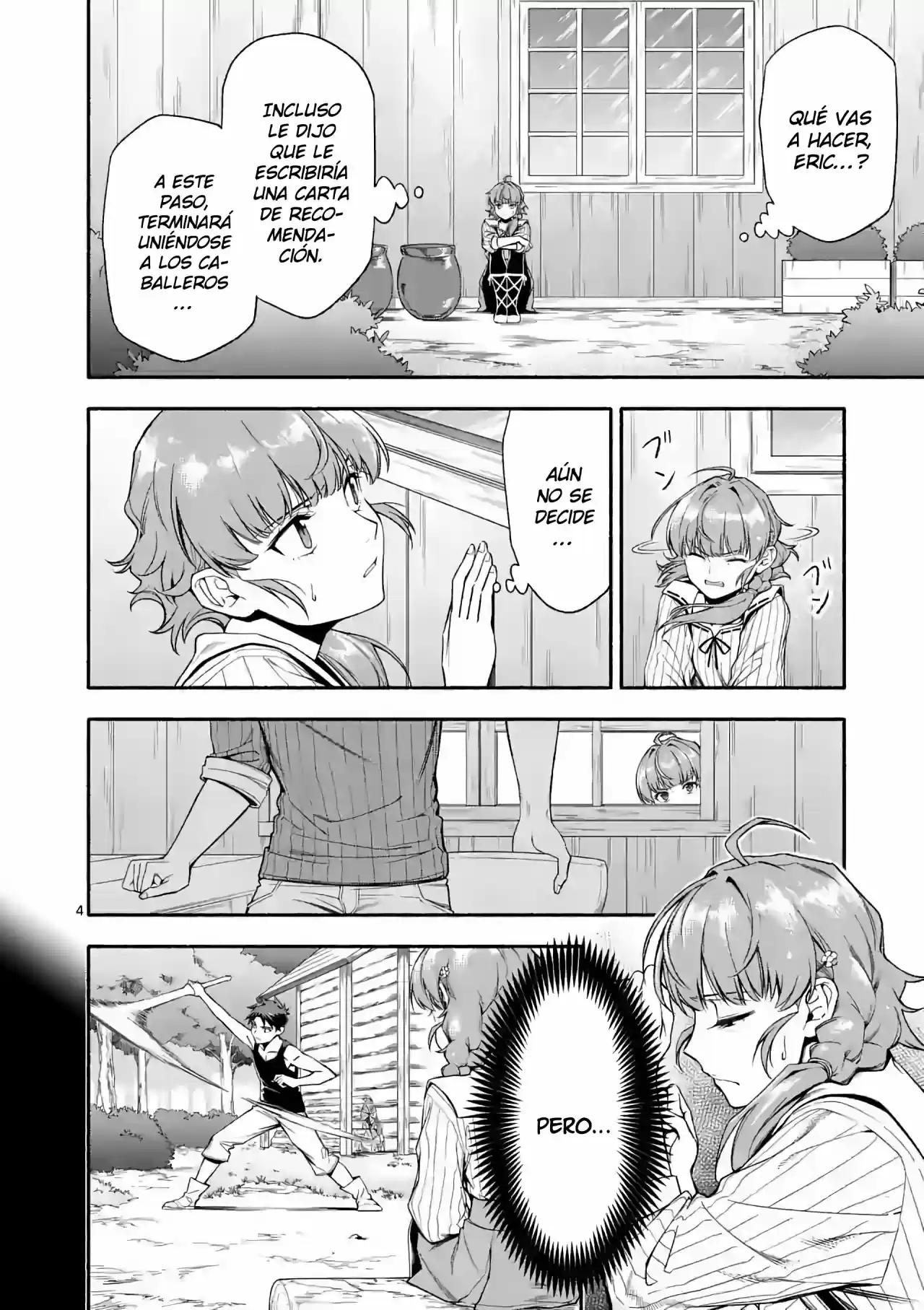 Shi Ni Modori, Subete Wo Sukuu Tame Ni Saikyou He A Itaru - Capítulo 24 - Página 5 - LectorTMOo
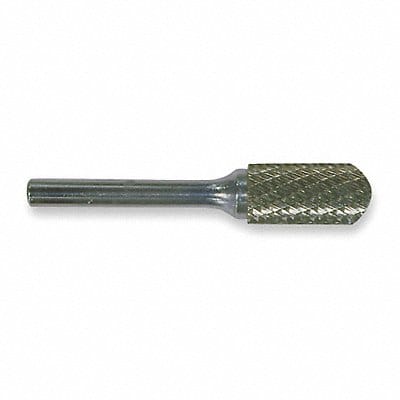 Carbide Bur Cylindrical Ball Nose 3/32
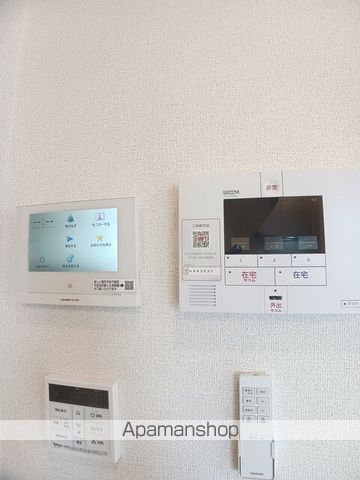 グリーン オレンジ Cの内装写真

____________

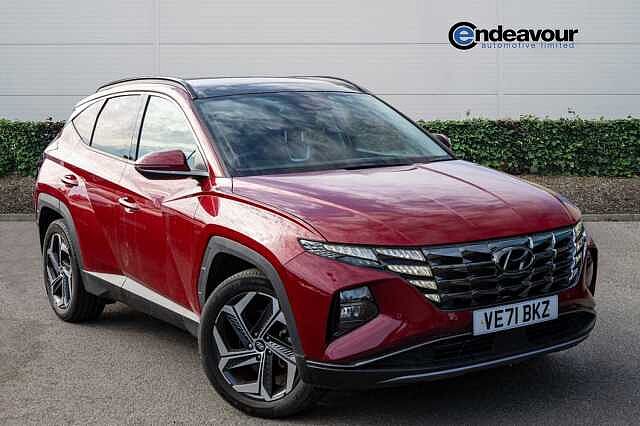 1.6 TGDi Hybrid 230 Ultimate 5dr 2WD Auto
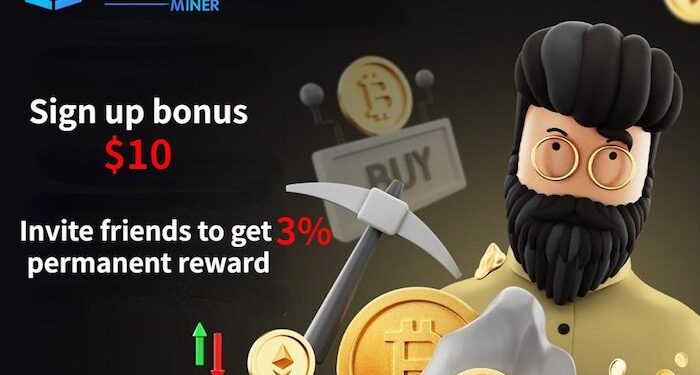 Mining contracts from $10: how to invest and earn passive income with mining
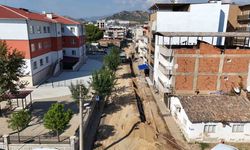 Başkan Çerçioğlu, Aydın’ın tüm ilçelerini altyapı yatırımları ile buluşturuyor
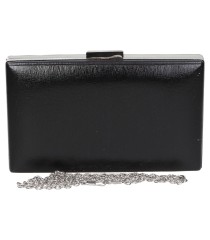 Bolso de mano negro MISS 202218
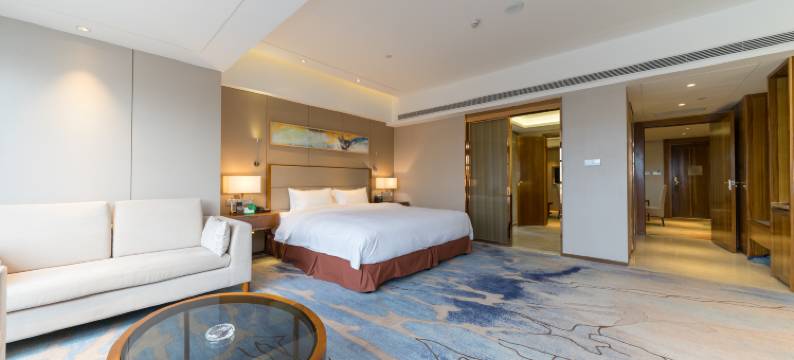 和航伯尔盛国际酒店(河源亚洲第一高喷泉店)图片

____________

• _YOUR OBJECTIVE_: Every line above in the stretch from the one with "Shi Ni Modori, Subete" through the one with "グリーン オレンジ Cの内装写真" is to be transcribed exactly, ends included. No picture is copied.

• _EXERCISE RESPONSE_:
 Shi Ni Modori, Subete Wo Sukuu Tame Ni Saikyou He A Itaru - Capítulo 24 - Página 5 - LectorTMOo
 Carbide Bur Cylindrical Ball Nose 3/32
 グリーン オレンジ Cの内装写真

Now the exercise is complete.